The input:
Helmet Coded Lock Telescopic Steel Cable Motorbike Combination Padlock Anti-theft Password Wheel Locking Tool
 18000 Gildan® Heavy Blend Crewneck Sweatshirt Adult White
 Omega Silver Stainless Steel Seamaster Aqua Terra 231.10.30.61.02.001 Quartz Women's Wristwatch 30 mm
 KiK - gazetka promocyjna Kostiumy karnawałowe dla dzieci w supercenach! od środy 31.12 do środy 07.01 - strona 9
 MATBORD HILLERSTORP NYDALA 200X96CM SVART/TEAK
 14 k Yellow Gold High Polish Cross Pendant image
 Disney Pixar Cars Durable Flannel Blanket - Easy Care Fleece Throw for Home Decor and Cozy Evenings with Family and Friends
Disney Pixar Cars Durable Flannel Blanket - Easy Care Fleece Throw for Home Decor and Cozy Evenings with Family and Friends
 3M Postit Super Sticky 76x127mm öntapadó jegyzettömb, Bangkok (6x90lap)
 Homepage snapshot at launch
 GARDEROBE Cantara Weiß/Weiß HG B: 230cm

Work instructions: Your task is to copy each line from the material above that includes the word "with".

Answer area:
 Disney Pixar Cars Durable Flannel Blanket - Easy Care Fleece Throw for Home Decor and Cozy Evenings with Family and Friends
Disney Pixar Cars Durable Flannel Blanket - Easy Care Fleece Throw for Home Decor and Cozy Evenings with Family and Friends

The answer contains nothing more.